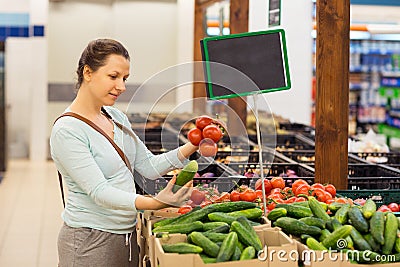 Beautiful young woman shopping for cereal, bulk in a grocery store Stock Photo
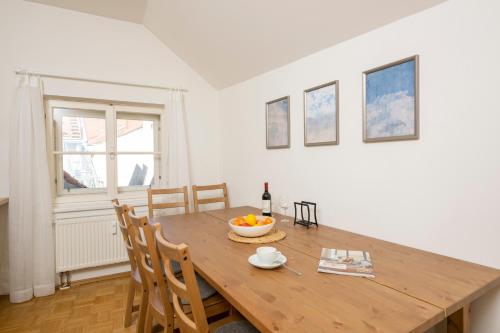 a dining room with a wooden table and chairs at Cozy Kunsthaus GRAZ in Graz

--

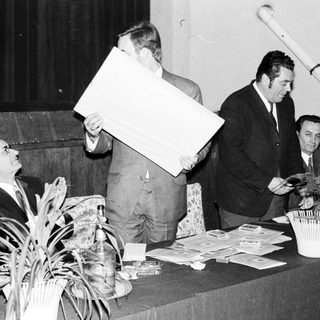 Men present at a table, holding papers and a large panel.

Exercise brief →
Retype, exactly and with no pictures, everything above from the line with "Beautiful young woman" down to the line with "a dining room", both included.

Task response →
 Beautiful young woman shopping for cereal, bulk in a grocery store Stock Photo
 a dining room with a wooden table and chairs at Cozy Kunsthaus GRAZ in Graz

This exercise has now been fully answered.